__SOURCE MATERIAL__.
Content starts
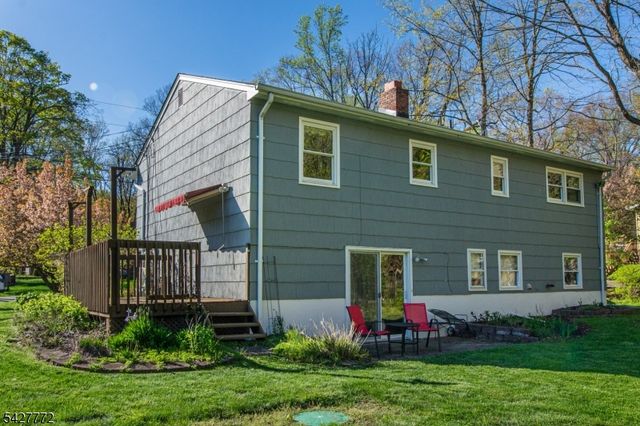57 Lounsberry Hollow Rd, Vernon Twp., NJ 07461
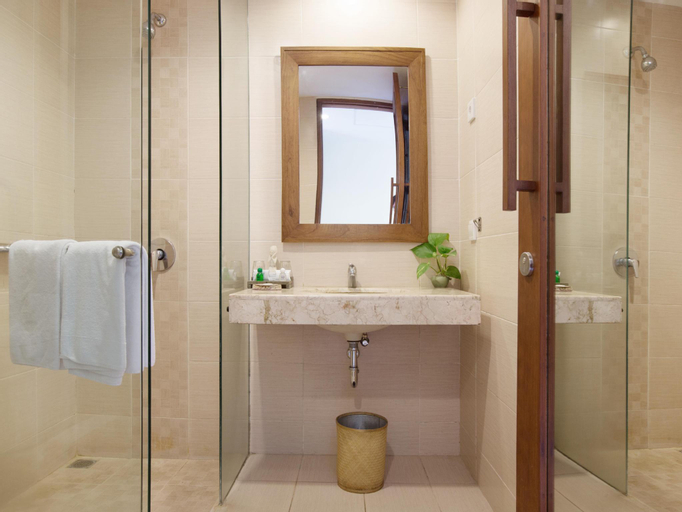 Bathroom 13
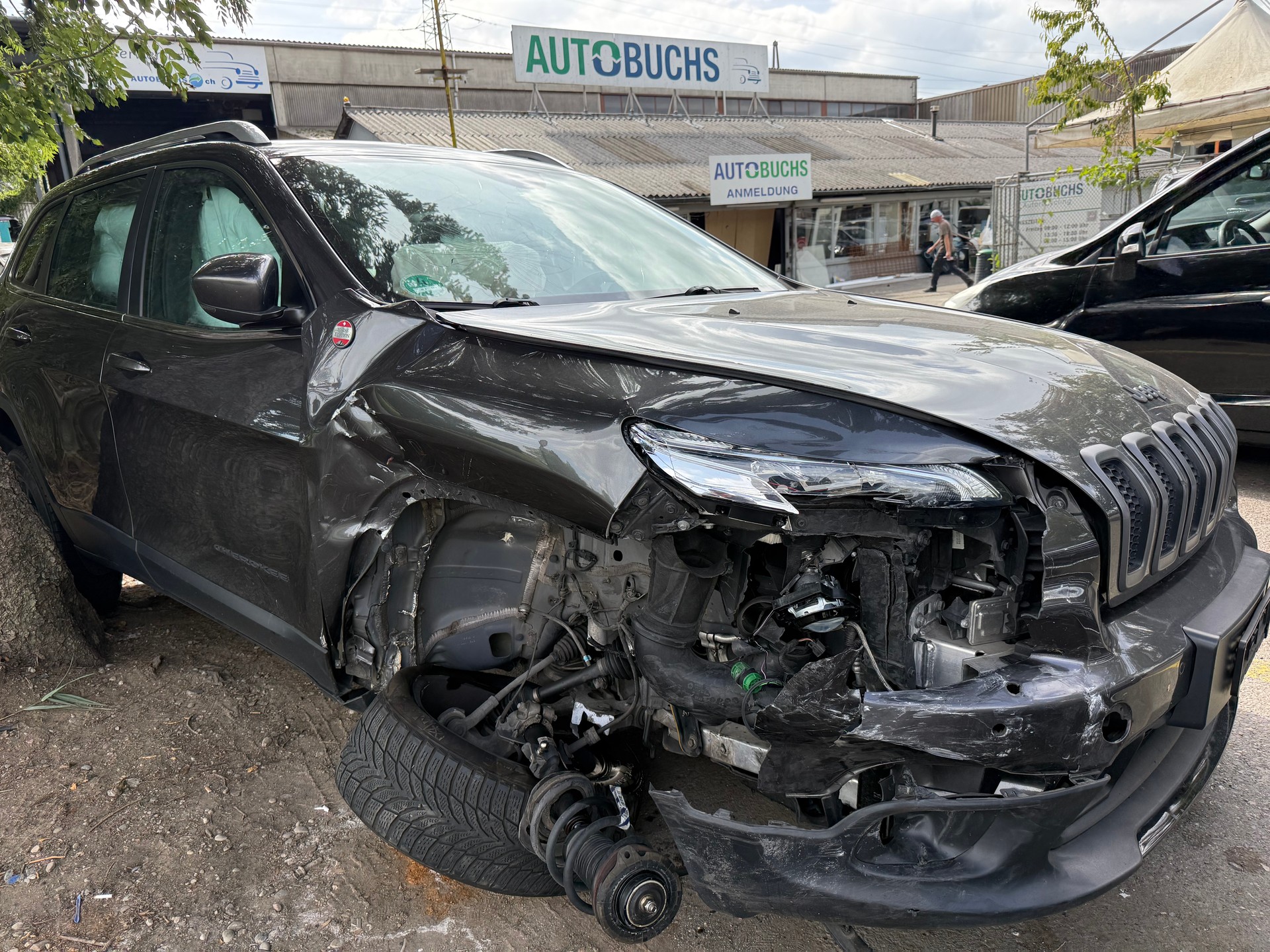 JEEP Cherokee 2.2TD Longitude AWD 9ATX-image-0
Content ends
Content starts
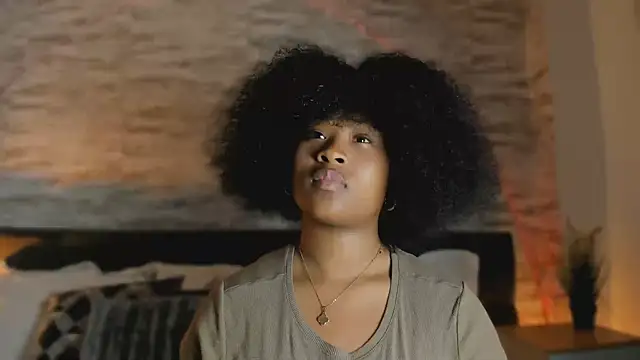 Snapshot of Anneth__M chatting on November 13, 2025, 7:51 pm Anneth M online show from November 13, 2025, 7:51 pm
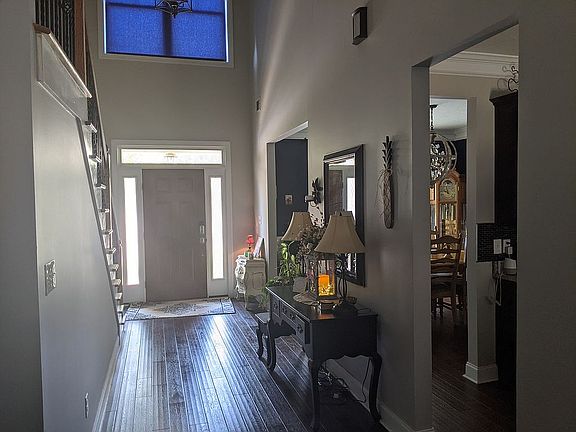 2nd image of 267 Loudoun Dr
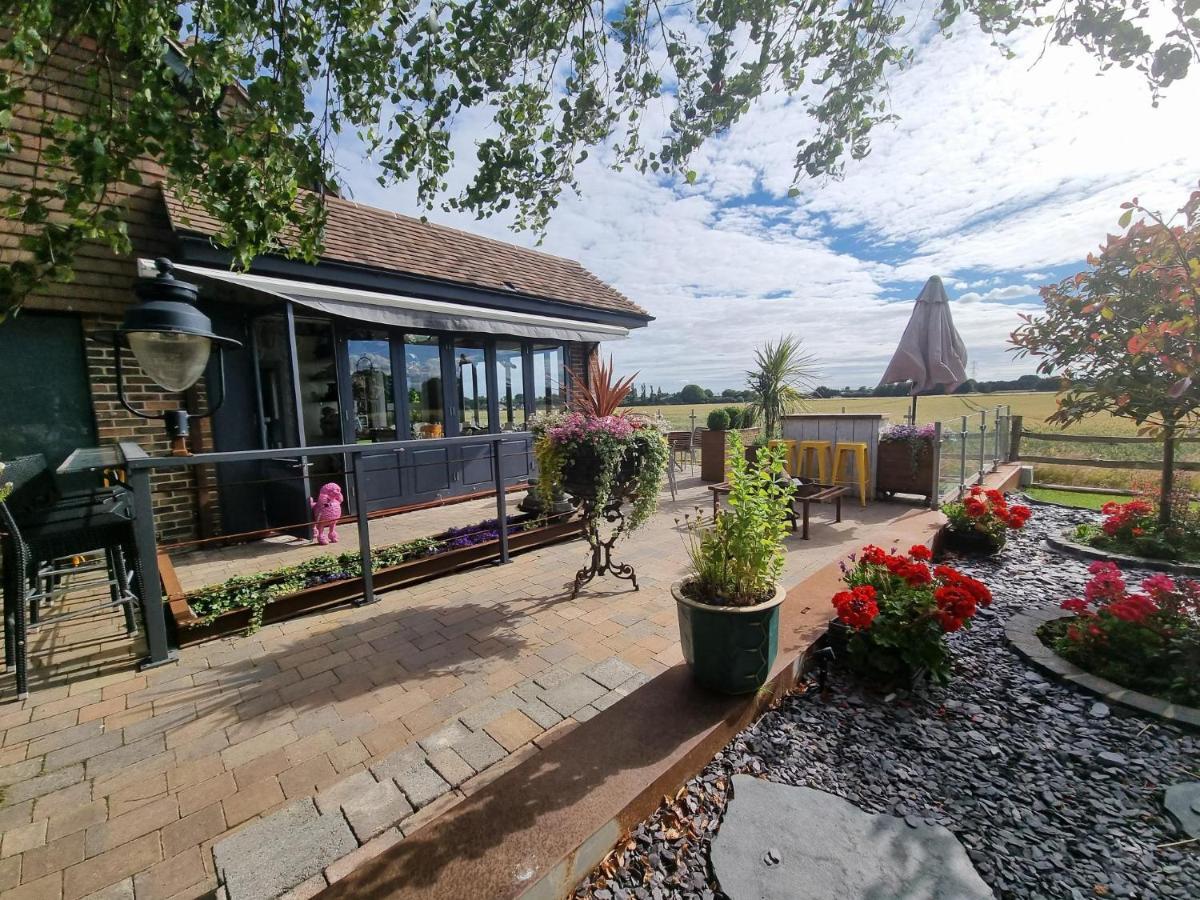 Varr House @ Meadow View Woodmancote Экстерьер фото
Content ends
__INSTRUCTIONS FOR THE TASK__. Starting with the line that contains "Bathroom 13" and finishing with the line that contains "JEEP Cherokee 2.2TD", reproduce every line of the material above exactly, but not the pictures.

__EXPECTED ANSWER__.
 Bathroom 13
 JEEP Cherokee 2.2TD Longitude AWD 9ATX-image-0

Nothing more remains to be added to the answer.